0

I have a regex pattern:

\(\s*\'\s*(.*?)\s*\'\)

This pattern means, get any text between ('TEXT').

There is a problem: The text may have a HTML tags.

So I want a pattern. If it didn't find a HTML tags, get the text normally, but if it found a HTML tags, the pattern get the text between the tags.


Example:

If the text is

('foo foo text here')

the pattern gets:

foo foo text here


And if the text is:

('<div class='test'> foo foo text here </div>')

the pattern gets

foo foo text here

So the pattern ignore the HTML tags (if there is any), and grab the text .

nhahtdh
  • 55,989
  • 15
  • 126
  • 162
Abdullah Raid
  • 545
  • 1
  • 4
  • 14

2 Answers2

4

You can call strip_tags() inside your preg_match(). That will turn:

('<div class='test'> foo foo text here </div>')

Into:

( 'foo foo text here' )

Then your regex as you designed it will remove the parens.

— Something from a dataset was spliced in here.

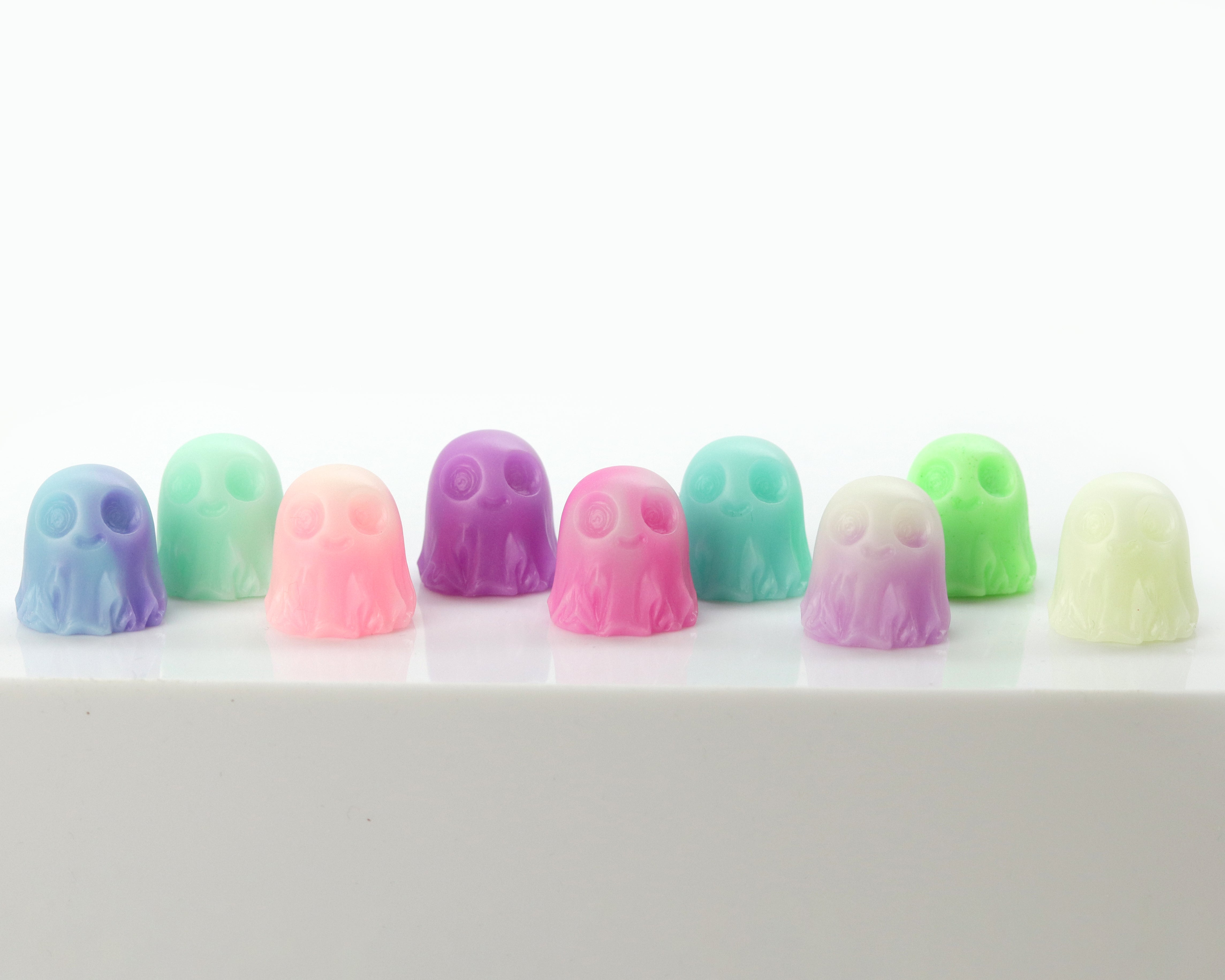 A pair of charming Giddy Ghost keycaps from Bindlewood Shop’s Giddy Ghost Glow 2-pack, inspired by Chris Ryniak’s whimsical designs, are displayed on a white surface against a plain background. Crafted in colorful pastel shades, these delightful ghosts even glow in the dark, bringing a playful and unique accent to any keyboard setup.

preg_match("/\(\s*\'\s*(.*?)\s*\'\)/", strip_tags($yourstring), $matches);
Michael Berkowski
  • 267,341
  • 46
  • 444
  • 390
0

I believe this works as well:

>\s*(.*?)\s*</|\(\s*\'(?!<)\s*(.*?)\s*\'\)

Although it does capture to two different capture groups.

At least it might be another option :-)

Nathan Fox
  • 4,023
  • 1
  • 23
  • 18